Top of Source information

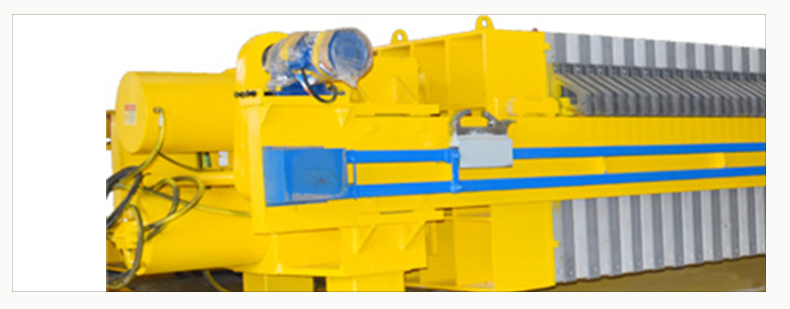 9_15.jpg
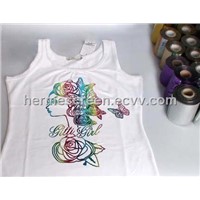 Hot Stamping Foil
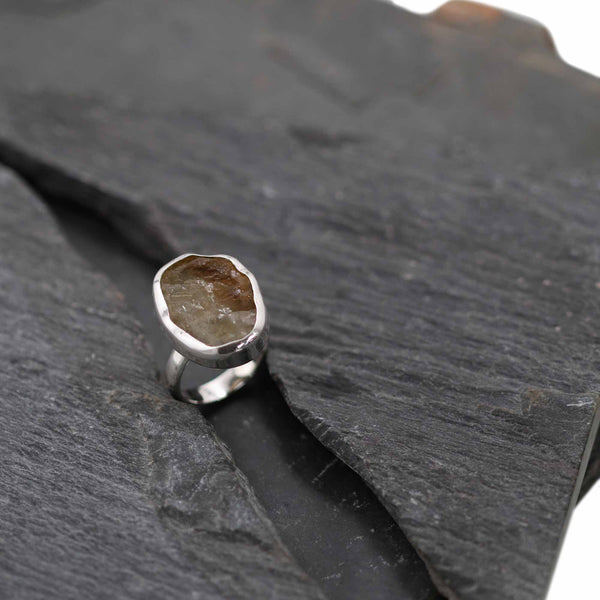 טבעות מעצבים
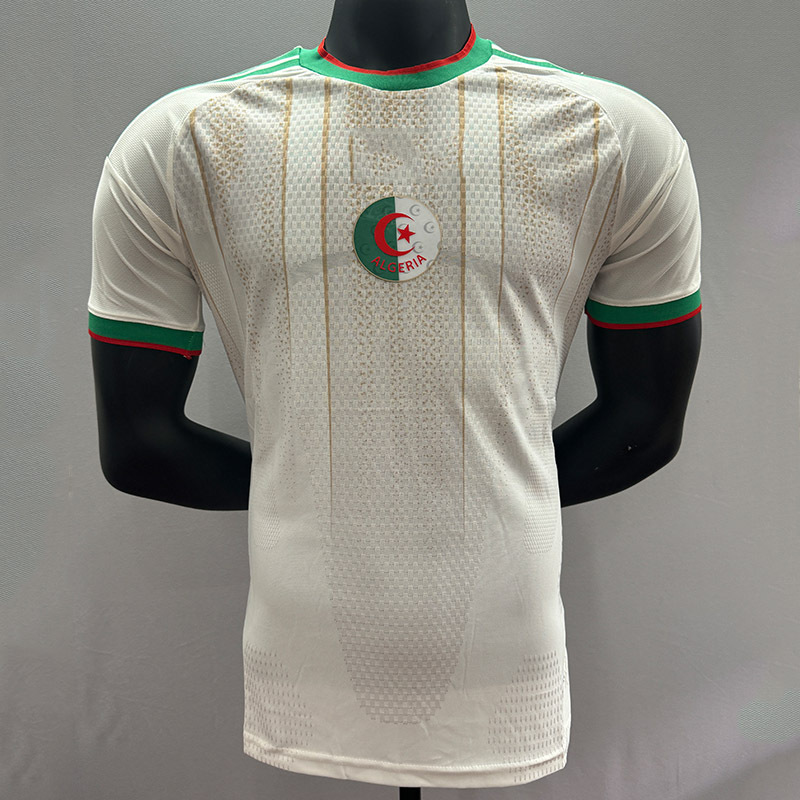 2627 camisetas de la Copa del Mundo explotadas transfronterizas España Argentina Inglaterra camisetas de jugadores camisetas de fútbol camisetas de fútbol image 24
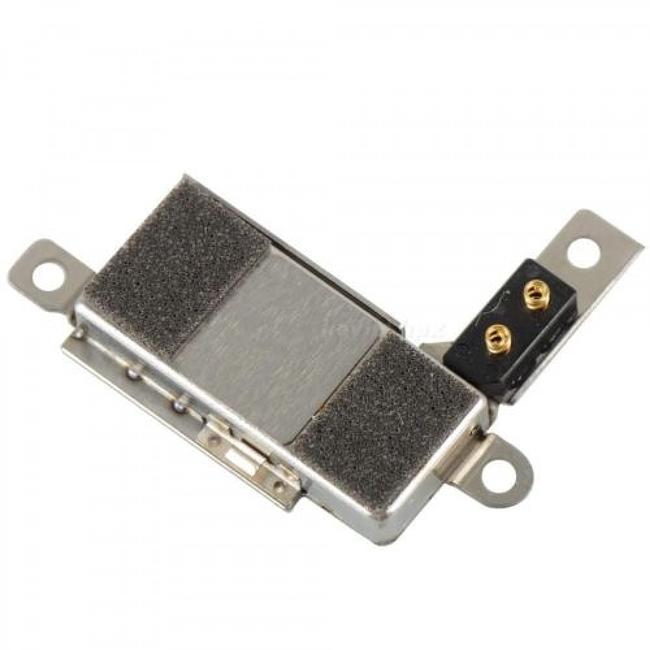 vibrator for iphone 6 plus, 6+ 5.5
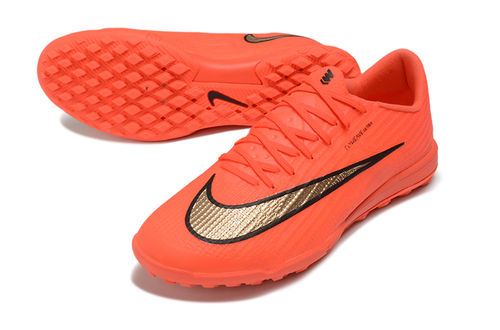Mercurial Superfly 11 Elite TF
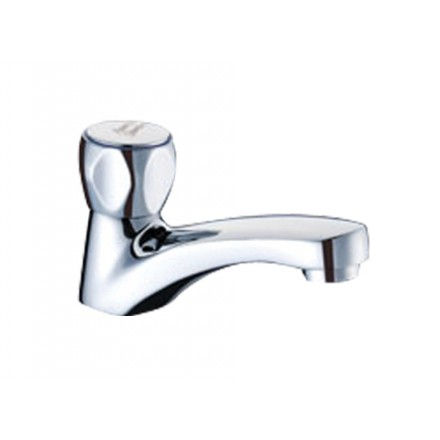 voi-lavabo-lanh-american-standard-w116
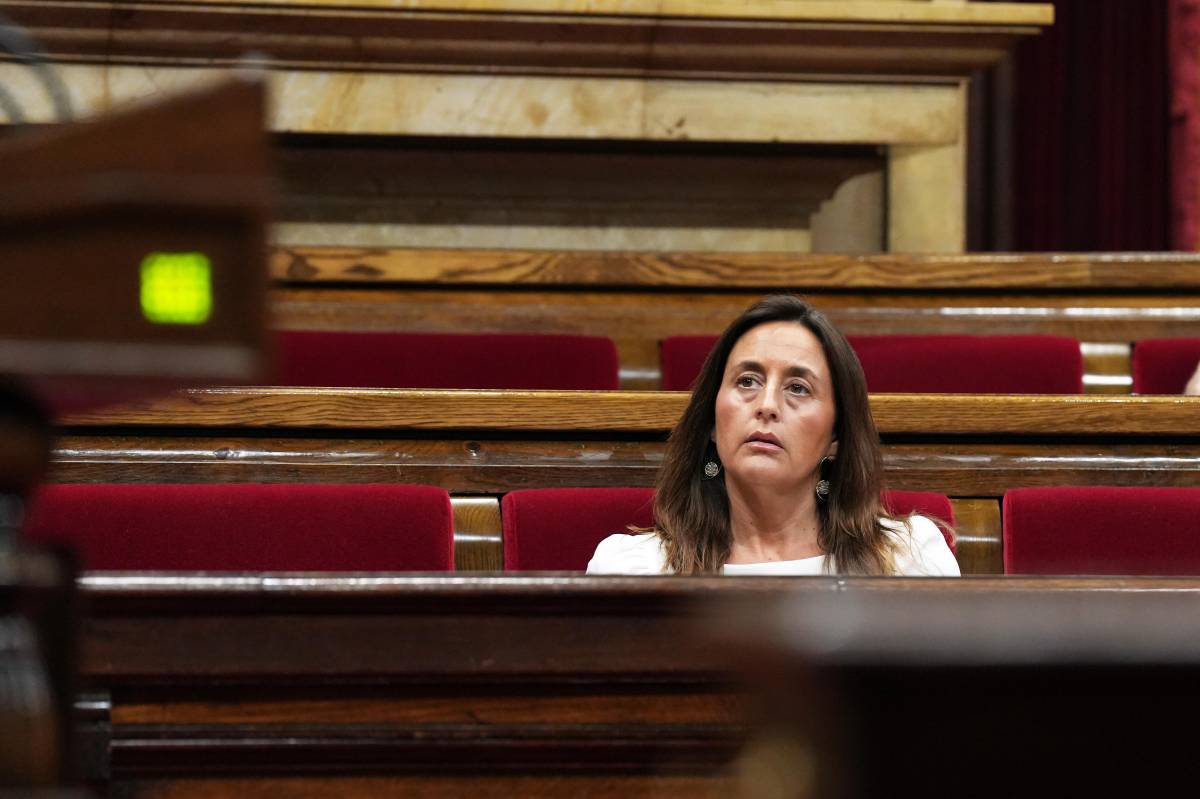 Més incògnites que respostes sobre el fiasco de les PISA: i ara, què?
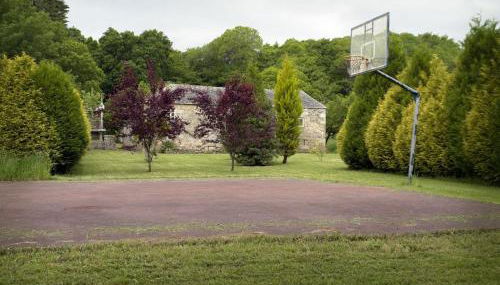 Casa de Arias - Photo 3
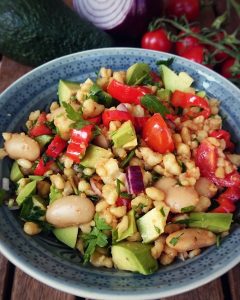 IMG_20170404_120853_438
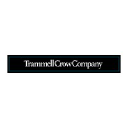 Trammell Crow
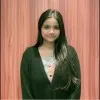 Rujuta Punde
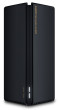 Xiaomi Mesh System AX3000 (1-pack)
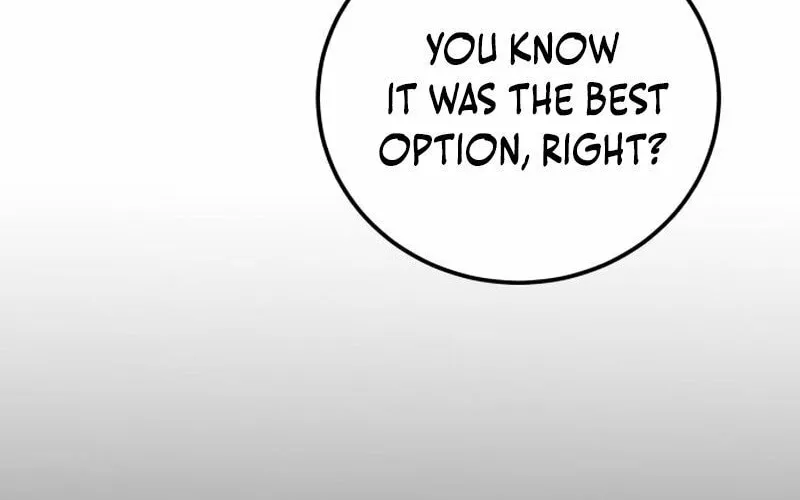 Read Beastly Things chapter 1 image 61 on Lezhin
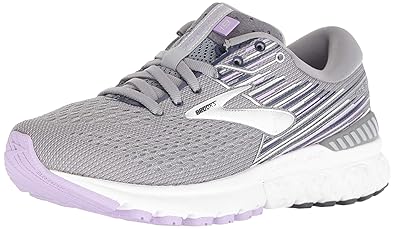 amazon brooks gts 19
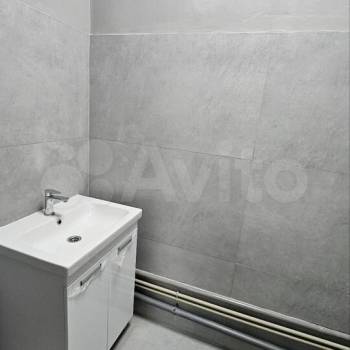Сдается Нежилое помещение, 104 м²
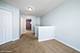 18550 W Sterling, Grayslake, IL 60030
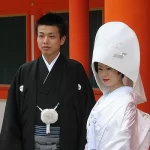 Japon, Pixanne Photographies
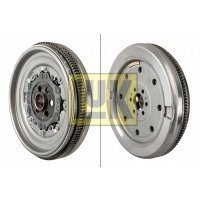 Пробелы маховик двухмассовый новый audi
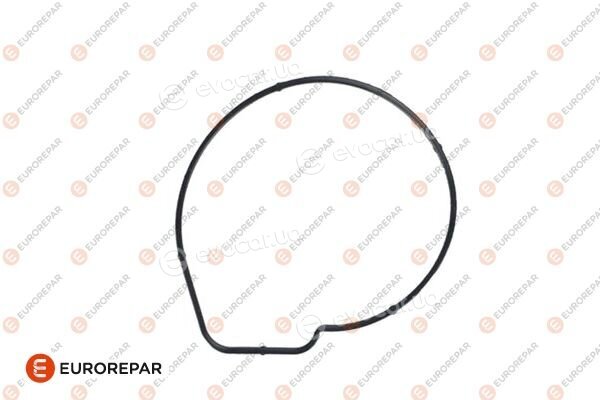 Eurorepar 1697846580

Bottom of Source information

Keep every word of the records and none of the pictures when you print them again.

▶ [Reply]:
 9_15.jpg
 Hot Stamping Foil
 טבעות מעצבים
 2627 camisetas de la Copa del Mundo explotadas transfronterizas España Argentina Inglaterra camisetas de jugadores camisetas de fútbol camisetas de fútbol image 24
 vibrator for iphone 6 plus, 6+ 5.5
Mercurial Superfly 11 Elite TF
 voi-lavabo-lanh-american-standard-w116
 Més incògnites que respostes sobre el fiasco de les PISA: i ara, què?
 Casa de Arias - Photo 3
 IMG_20170404_120853_438
 Trammell Crow
 Rujuta Punde
 Xiaomi Mesh System AX3000 (1-pack)
 Read Beastly Things chapter 1 image 61 on Lezhin
 amazon brooks gts 19
Сдается Нежилое помещение, 104 м²
 18550 W Sterling, Grayslake, IL 60030
 Japon, Pixanne Photographies
 Пробелы маховик двухмассовый новый audi
 Eurorepar 1697846580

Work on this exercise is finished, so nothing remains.